Fiscal cliff deal: TARP 2.0

In the fall of the 2008, the Bush Administration and Congress ironed out the details of what would come to be known as TARP in secret negotiations, hoping that rent-seekers on Wall Street would react positively. Fast-forward to 2013 — Washington has done it again.

Matt Kibbe, President and CEO of FreedomWorks explains that Congress has again stuck it to hard-working Americans with the passage of the “fiscal cliff” deal that not only raises their taxes, but includes special interest tax breaks and corporate welfare:

On New Year’s Day, Republicans and Democrats joined together to bilk taxpayers with their phony “fiscal cliff” deal. They voted to raise taxes on 77% of Americans, yet larded the bill with pork, corporate welfare, and special-interest giveaways. They voted to increase spending by $330 billion, while throwing around buzzwords like “compromise” and “deficit reduction.” And they once again postponed the promised sequester spending cuts negotiated in 2011.

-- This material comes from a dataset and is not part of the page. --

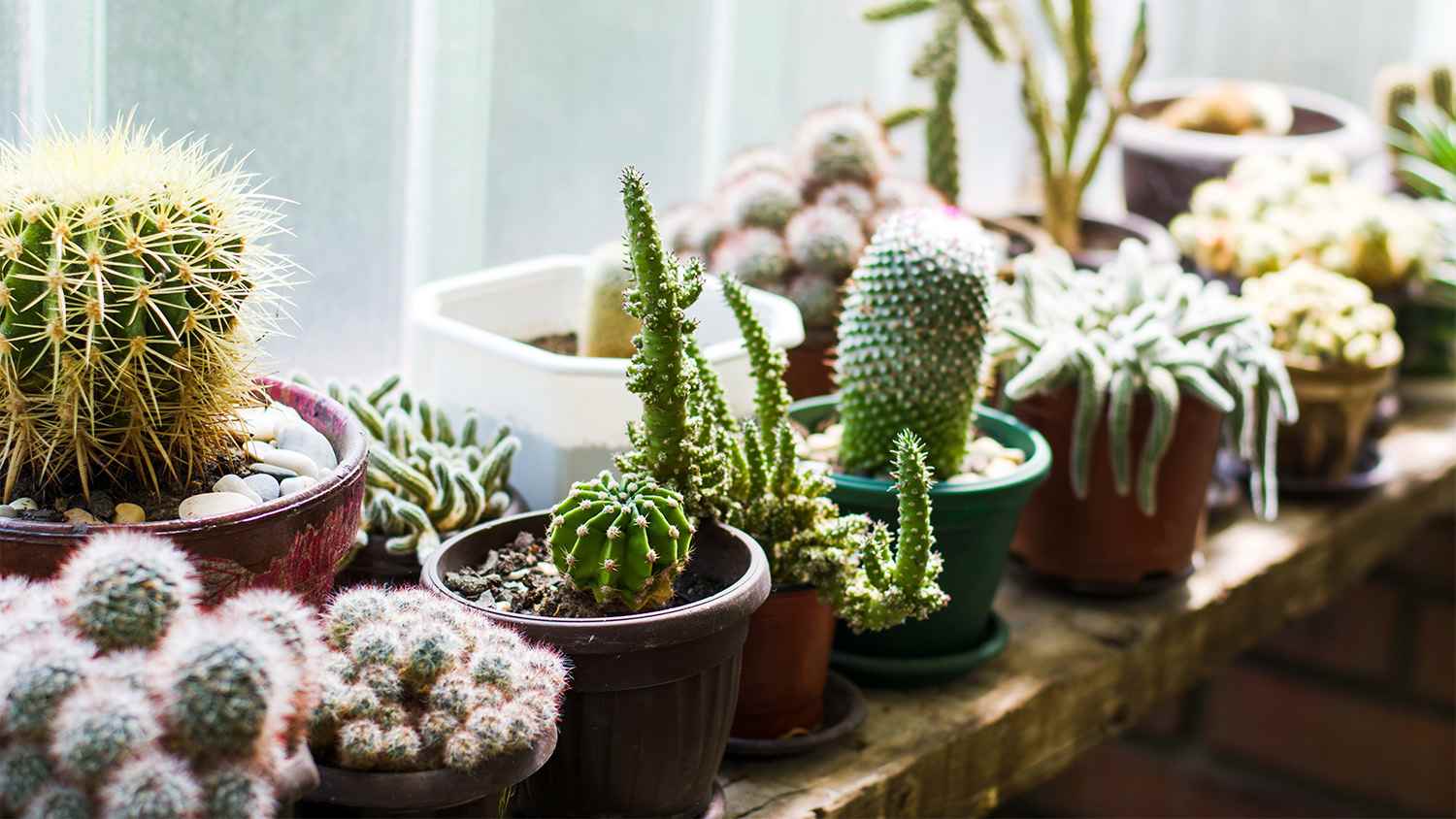 succulent plants on windowsill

It was a team effort. Senator Mitch McConnell and Joe Biden drafted an outrageous bill behind closed doors; Harry Reid gave Senators all of 6 minutes to read and vote on the bill around 1:30am on New Year’s Eve when nobody was watching; Speaker Boehner scheduled a rushed, up-or-down vote in the House the following day without allowing for sufficient time to read or amend the bill.

This type of collusion against the average American is no surprise. Republicans have been negotiating with themselves ever since the Boehner-led House Republicans passed the consensus “Cut Cap Balance Act” in July 2011 and then began walking away from it. Democrats have been winning since that day, and the goal of fiscal responsibility has been losing.

The latest McConnell-Biden deal (which I consider to be TARP 2.0 for the way it was crafted in secret and contaminated with special deals) is a microcosm of the world surrounding power and politics. It’s exactly the type of insider horse-trading we saw over four years ago with the TARP bailout, which gave rise to the first wave of the Tea Party movement.

While Republicans and Democrats in Congress voted to raise taxes on 77% of Americans, they  extended the existing special interest loopholes in our tax code, including $119 million for companies to hire Native Americans, $3.71 billion for “leasehold, restaurant, and retail improvements,” $248 million for film production expenses (we’re subsidizing Hollywood), $222 million for rum production in Puerto Rico and the U.S. Virgin Islands, $12.1 billion for the wind production tax credit and $2.18 billion for biodiesel producers.

If we are ever going to take our country back, we have to stop the collusion of big government and big business. The truth is, big business loves big government.

Rather than competing to be a top market performer, corporations hire Washington lobbyists to compete in the rat race for special deals and government handouts.

Corporate welfare is unfair and harmful to all of us, regardless of whether we are playing for the red or blue team. Politicians on both sides of the aisle and their corporate cronies pick winners and losers in the marketplace at the expense of everyday individuals. The fiscal cliff deal raised taxes on nearly all Americans, so that politicians in both parties can continue to give our money to connected friends and campaign donors.

Kibbe also explains that the United States need a fairer, more simplified tax code that “treats all Americans equally — not Beltway power players competing to carve holes in our tax code bigger than a slice of Swiss cheese.”

“It shouldn’t matter who has the best lobbyist in Washington, because when the heavy spenders close out their tab, it’s ‘We the People’ footing the bill,” wrote Kibbe.

The cover of The Economist from this past week really says it all. What was a seemingly slow decent into a European-style welfare state has been accelerated under President Obama. As Veronique de Rugy recently explained, the “fiscal cliff” deal passed by Congress still brings taxpayers a deficit of $6.9 trillion over the next 10 years.

Hey, but at least the special interests don’t have to worry about getting stuck with the tab. As long as they keep sending donations to their buddies in Washington, they won’t have to worry about anything.

The “fiscal cliff” taught us the same thing that TARP did — Cronyism is alive and well in Washington. And the charlatans in Congress who decided to help the special interests by voting for this bad deal may soon find themselves out of a job.